А то, от чего был печален Боттичелли, делало его необузданным, и если пальцы Сандро трепетали от тревожной тоски, то кулаки Микеланджело врезали образ его ярости в содрогающийся камень.
Если б Микеланджело хоть на миг оставили в одиночестве, он приладил бы свой резец к миру и изваял бы раба из этого сплюснутого шара. И тому рабу пришлось бы увенчать его надгробие.
Он был единственным, кто имел силу, необходимую для Лета. Но тогда не было для этого ни простора, ни образца. Дав своему мальчику Давиду члены гиганта, он тем яснее указал нам на недозревшую мужественность этого образа.
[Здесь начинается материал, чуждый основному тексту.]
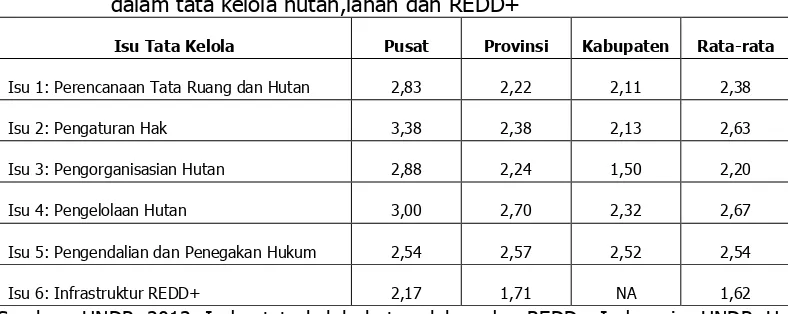 Tabel 3.2 Penilaian kapasitas pemerintah dan pemerintah daerah menurut isu dalam tata kelola hutan,lahan dan REDD+ 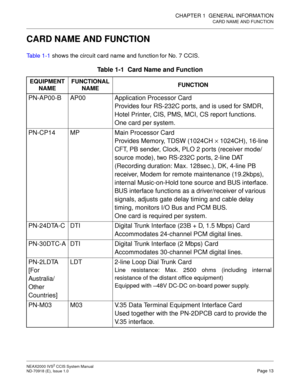 Page 26CHAPTER 1  GENERAL INFORMATION
CARD NAME AND FUNCTION
NEAX2000 IVS2 CCIS System Manual    
ND-70918 (E), Issue 1.0   Page 13
CARD NAME AND FUNCTION
Table 1-1 shows the circuit card name and function for No. 7 CCIS.
Table 1-1  Card Name and Function 
EQUIPMENT 
NAMEFUNCTIONAL
NAMEFUNCTION
PN-AP00-B AP00 Application Processor Card
Provides four RS-232C ports, and is used for SMDR, 
Hotel Printer, CIS, PMS, MCI, CS report functions.
One card per system.
PN-CP14 MP Main Processor Card
Provides Memory, TDSW...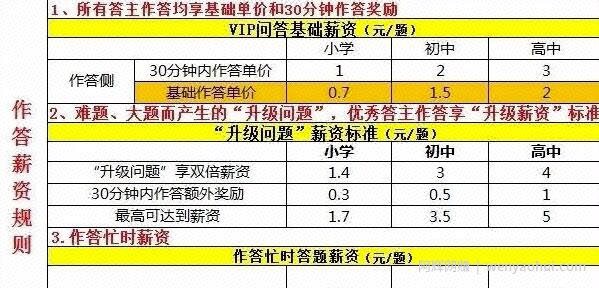 问答賺米一个适合草根做兼zhi项目，0成本（附5个问答賺米平台）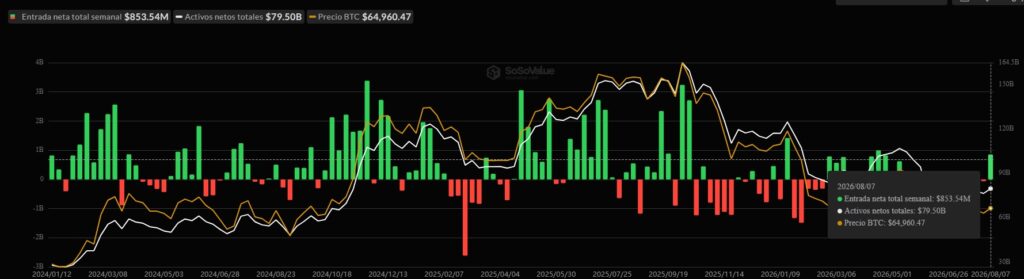 Gráfico de barras verdes y rojas que representan las entradas y salidas de capital de los ETF de bitcoin.
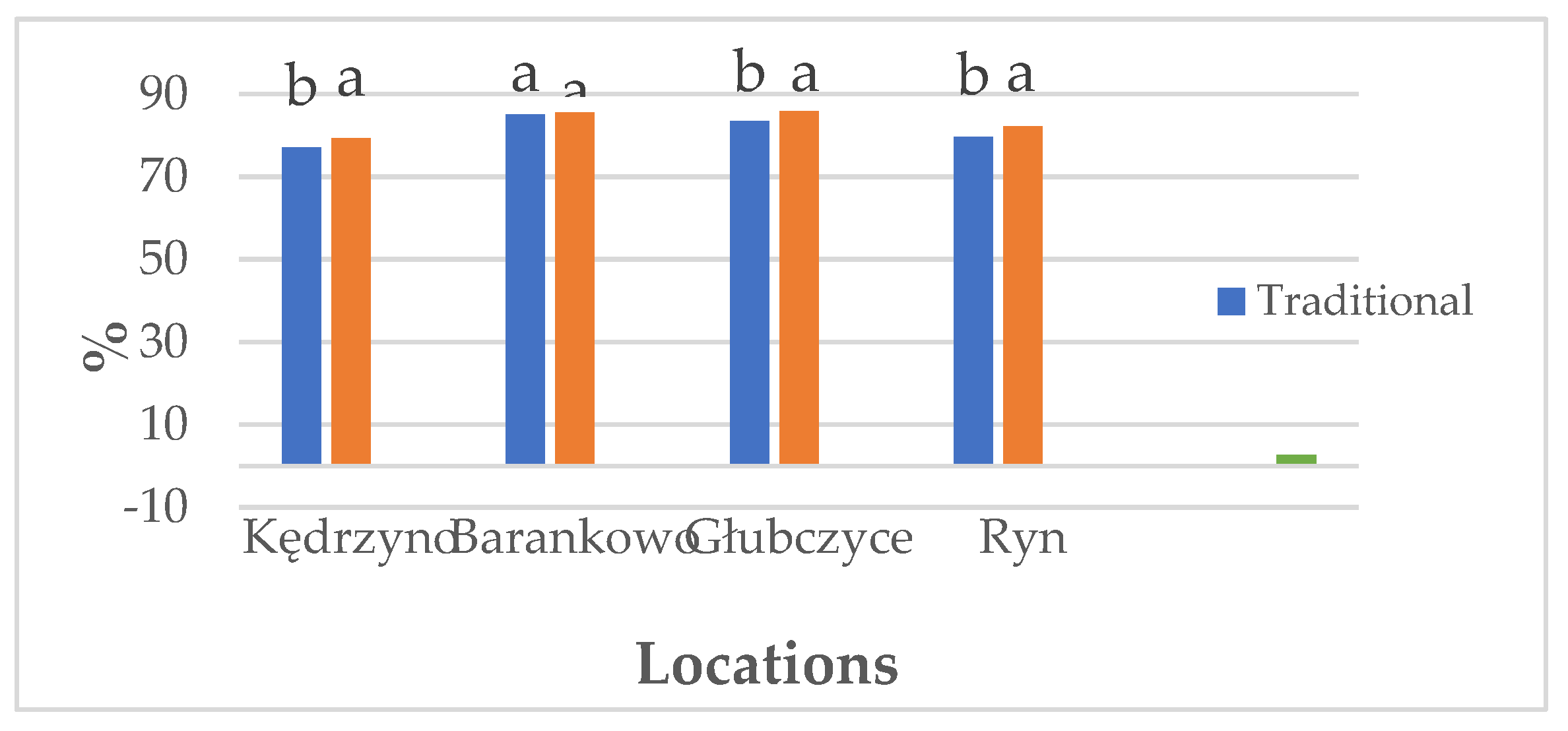 Preprints 106756 g004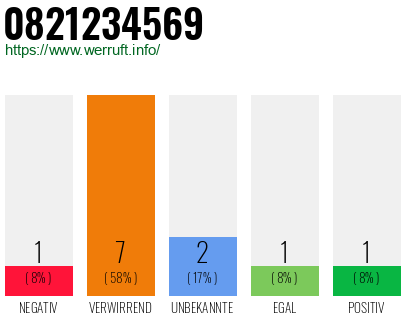 Rufnummer 0821234569 Telefonnummer 0821234569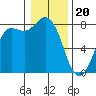 Swinomish Channel tide chart for Saturday, January 20, 2024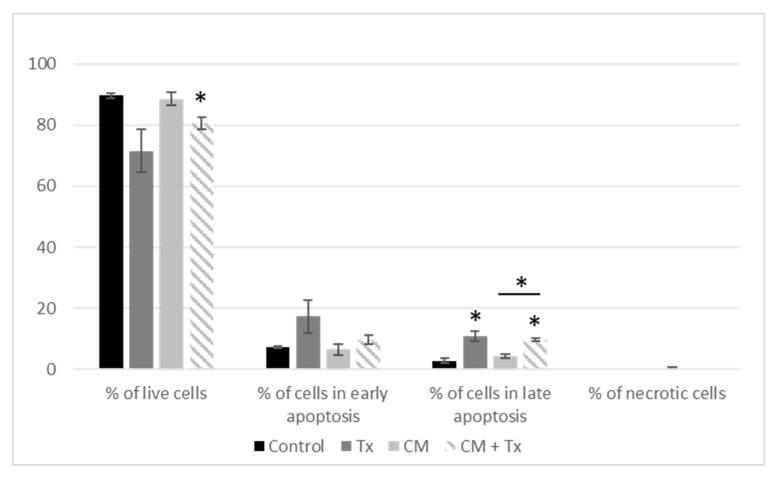 https://cdn.ncbi.nlm.nih.gov/pmc/blobs/fb50/6950701/868a9aba9363/nutrients-11-02839-g005.jpg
И даже если б деревья вздымали свое цветенье превыше гор, это все равно вечно была бы одна и та же безграничная Весна, не умеющая добыть себе Лето от Солнца.
Его мадонны отрекаются от своей весны. Но при этом притворяются, будто совсем по-земному счастливы, будто достигли свершенья. И даже хочется верить, что они родили Спасителя в муках. Но эта ложь делает их суровыми и лишает их женственности, и они одним движением, с силой вырываются за пределы девичества и материнства к какому-то упрямому героизму.